▶ BRIEF:
Find "Other Performance Metrics", then copy its line and every later line of the entries exactly through the end, leaving all pictures out.

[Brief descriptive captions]
────────────────

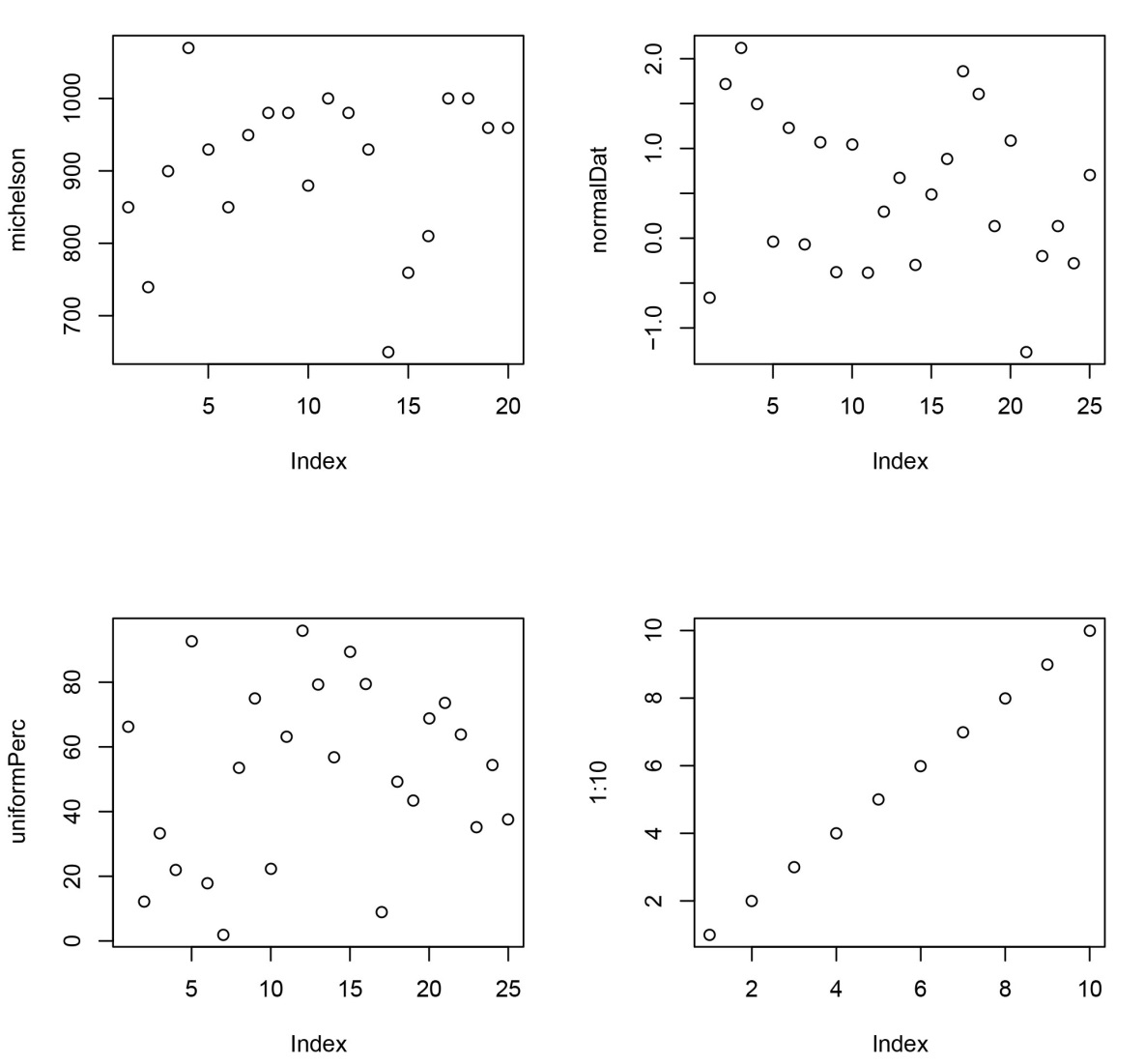 plot(1:10)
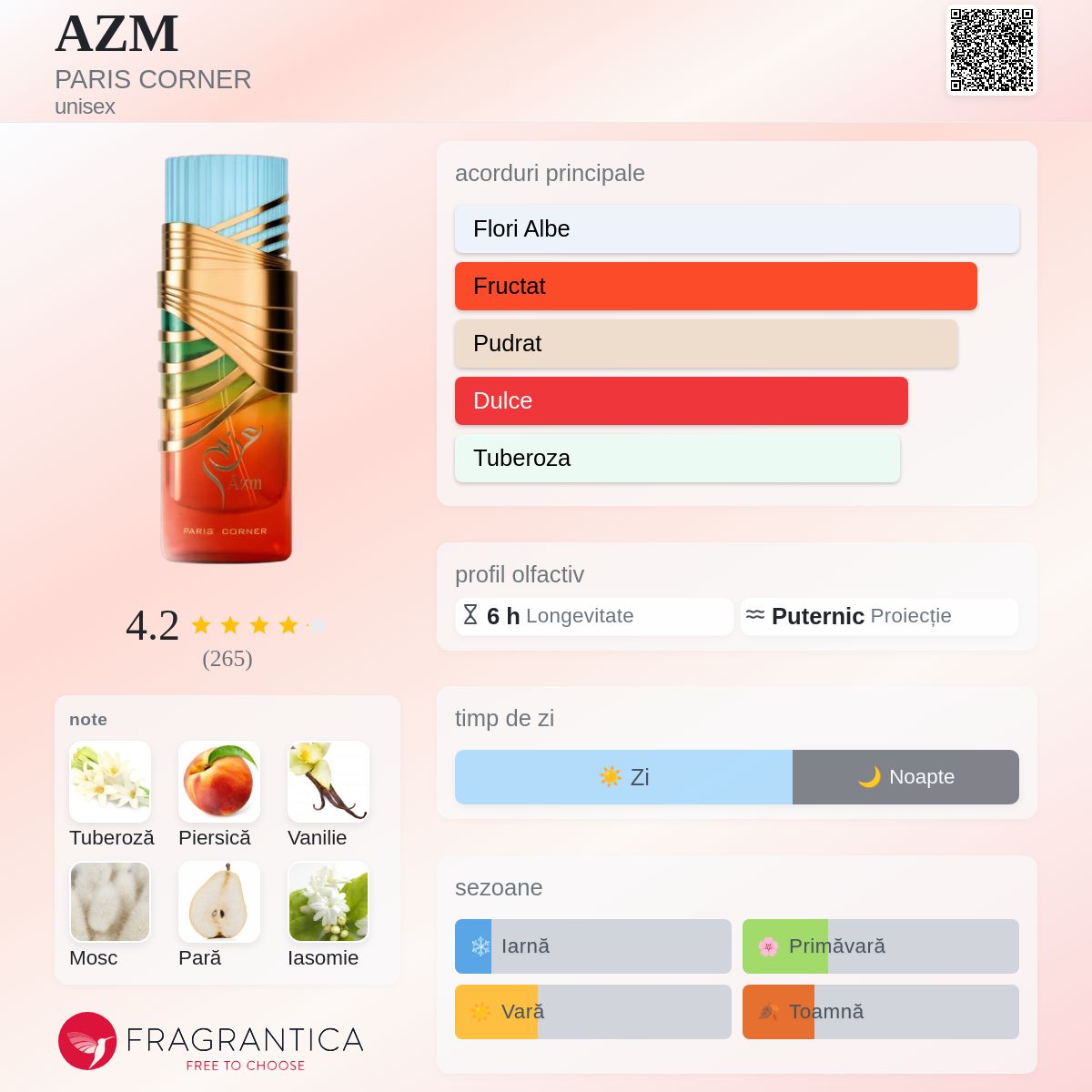 AZM PARIS CORNER parfum - un nou parfum unisex 2025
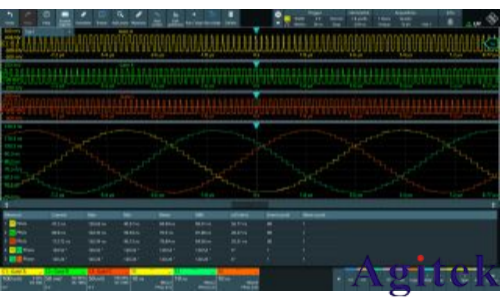 使用羅德與施瓦茨示波器MXO 優(yōu)化電動傳動系統(tǒng)(圖2)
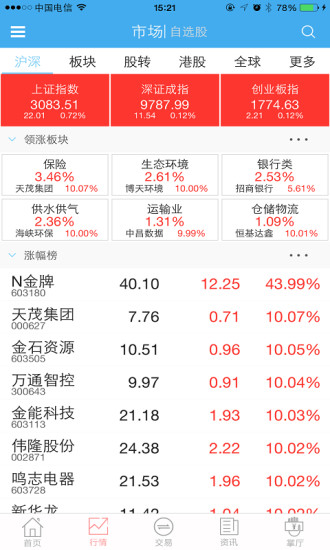 复利理财源码，解锁财富增长的新密码 复利理财源码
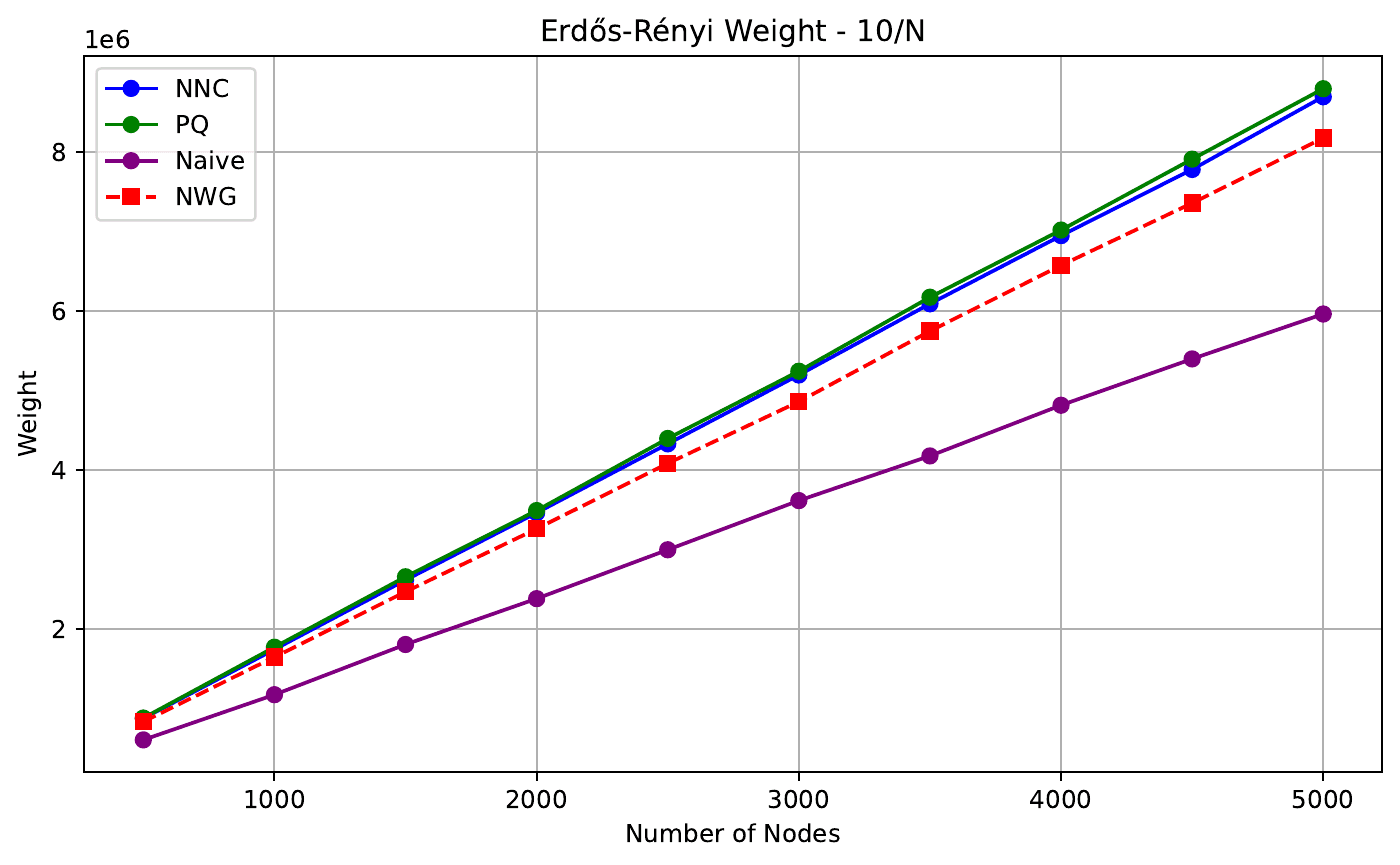 Weighted Erdős-Rényi experiment plot with graph size on the horizontal axis and total independent-set weight on the vertical axis; PQ and NNC closely overlap above NWG and Naive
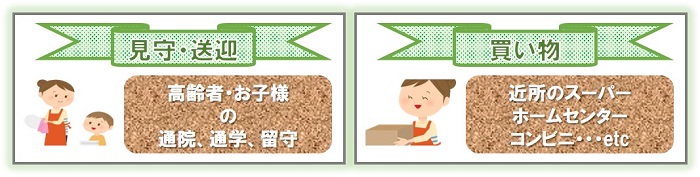 買い物、見守り、送迎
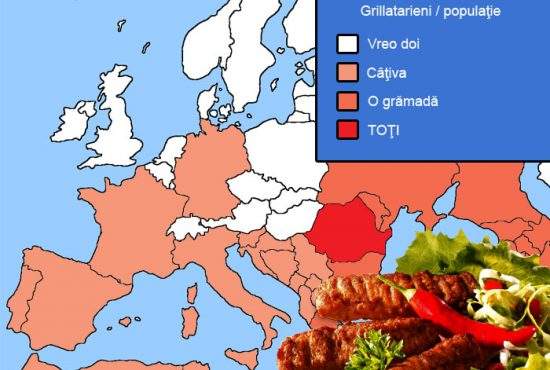 România progresează! Din grânarul Europei, țara noastră a devenit grătarul Europei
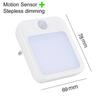 New Night Light Motion Sensor With  Light EU Plug Lamps Children'S Night Light Wireless Night Lamp  Bedside Table Bedroom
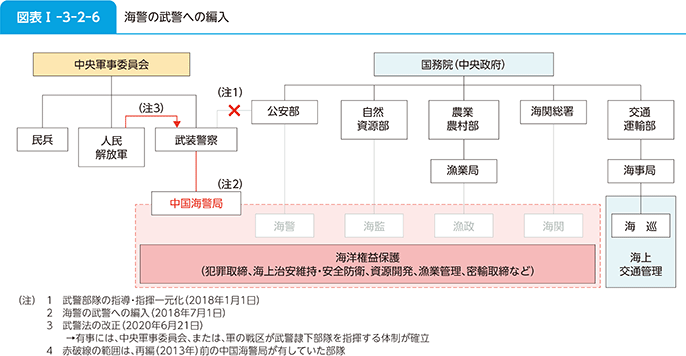図表I-3-2-6　海警の武警への編入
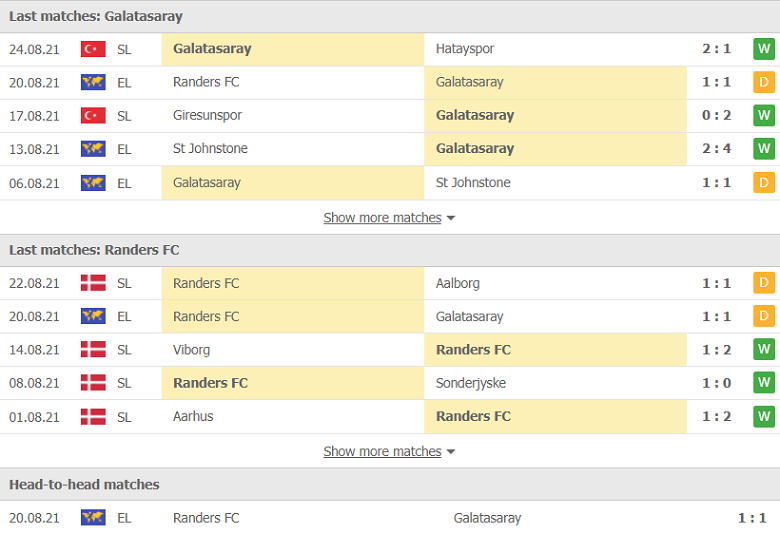 Nhận định, dự đoán Galatasaray vs Randers, 01h00 ngày 27/8: Chủ nhà lấy vé - Ảnh 1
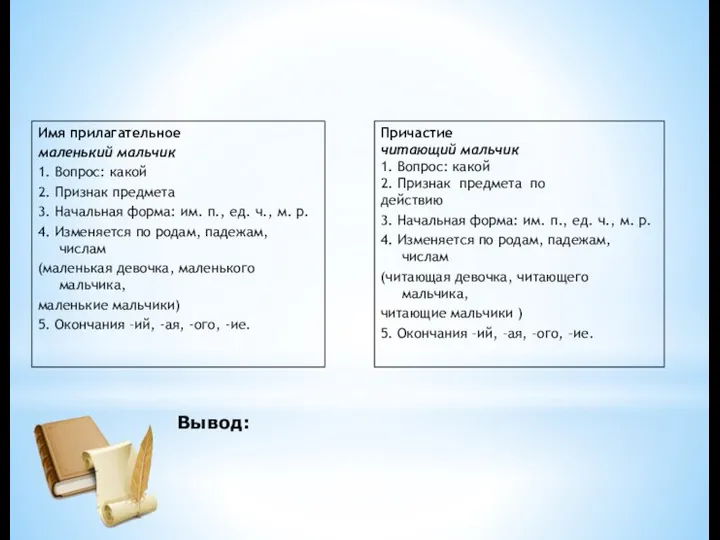 Имя прилагательное маленький мальчик 1. Вопрос: какой 2. Признак предмета 3. Начальная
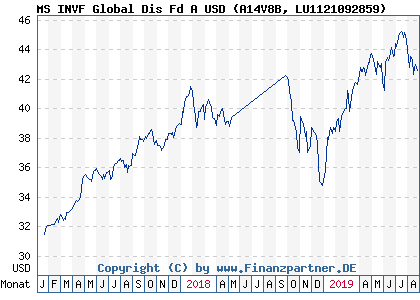 Chart: MS INVF Global Dis Fd A USD (A14V8B LU1121092859)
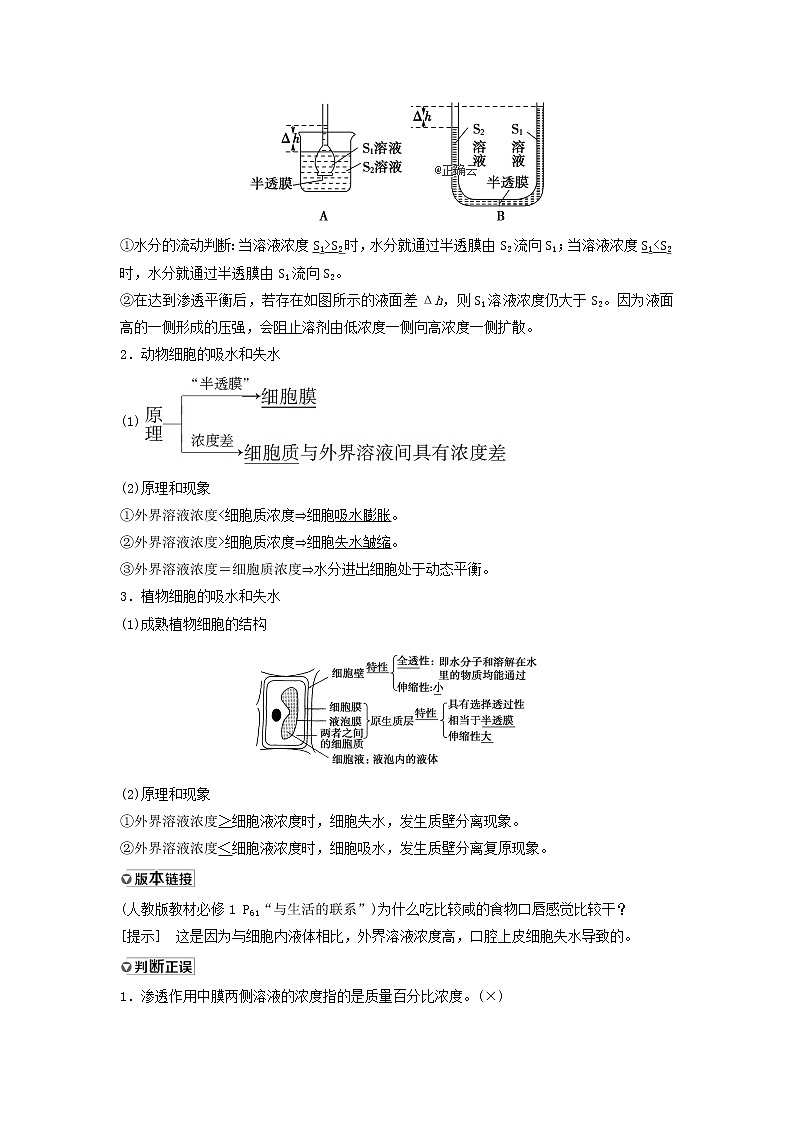 2021届高考生物苏教版一轮复习学案:第2单元细胞的结构和功能第4讲物质的跨膜运输02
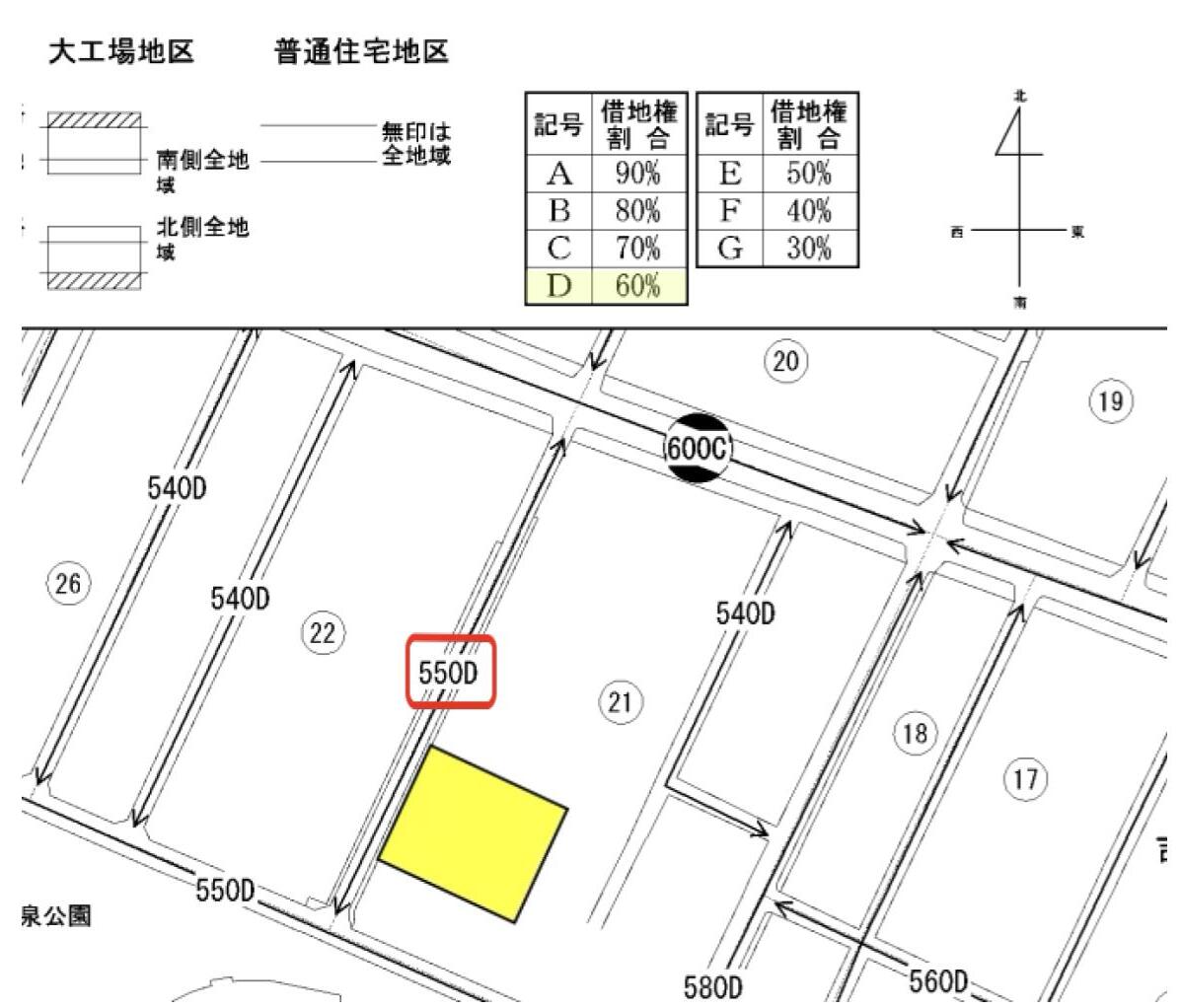 借地権評価額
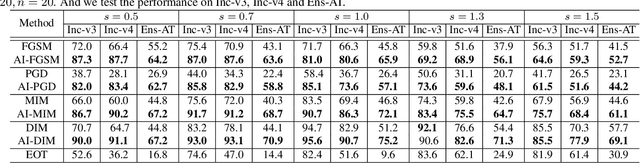 Figure 4 for Improving Robustness of Adversarial Attacks Using an Affine-Invariant Gradient Estimator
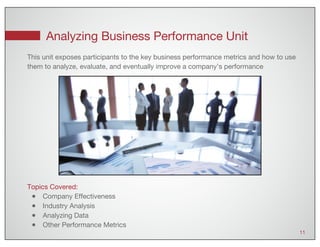 Analyzing Business Performance Unit
11
Topics Covered:
● Company Effectiveness
● Industry Analysis
● Analyzing Data
● Other Performance Metrics
This unit exposes participants to the key business performance metrics and how to use
them to analyze, evaluate, and eventually improve a company’s performance
 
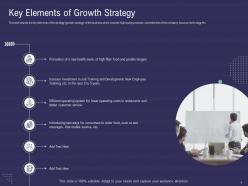Key elements of growth strategy capital raise for your startup through series b investors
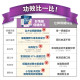 毛掌醫學 好情緒 保健肉泥 寵物舒壓保健 貓狗適用 一盒30入(x6g)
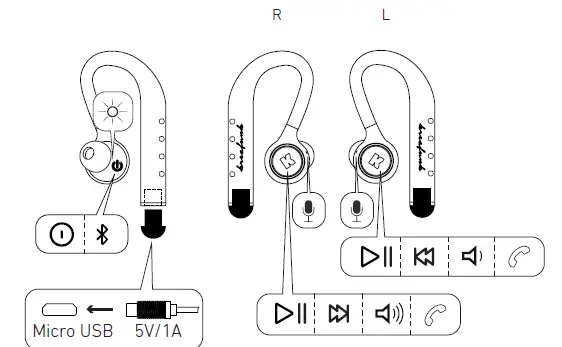 KREAFUNK-KFKM02-bGEM-Wireless-In-Ear-Headphones-fig-1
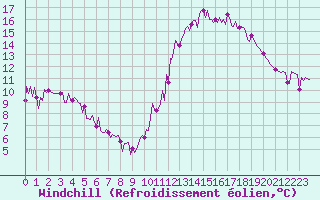 Courbe du refroidissement olien pour Gurande (44)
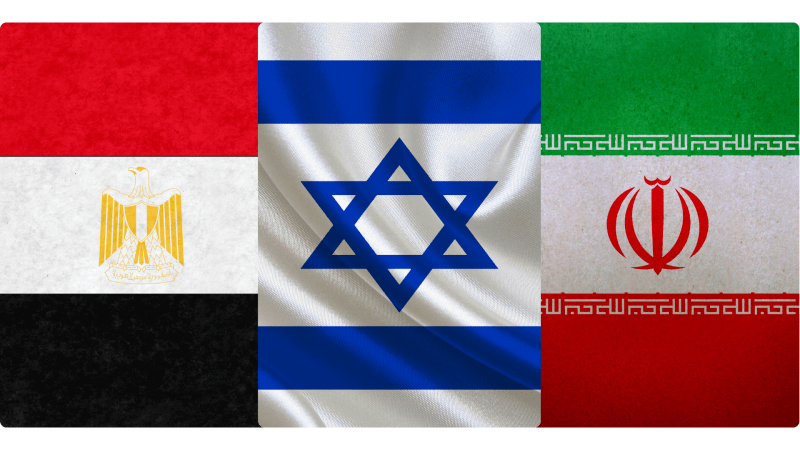 CISSM Global Forum  Comparative Reactions to Israel’s Nuclear Posture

────────────────

▶ WRITTEN RESPONSE:
● Other Performance Metrics
This unit exposes participants to the key business performance metrics and how to use
them to analyze, evaluate, and eventually improve a company’s performance
 
Key elements of growth strategy capital raise for your startup through series b investors
 毛掌醫學 好情緒 保健肉泥 寵物舒壓保健 貓狗適用 一盒30入(x6g)
 KREAFUNK-KFKM02-bGEM-Wireless-In-Ear-Headphones-fig-1
 Courbe du refroidissement olien pour Gurande (44)
 CISSM Global Forum  Comparative Reactions to Israel’s Nuclear Posture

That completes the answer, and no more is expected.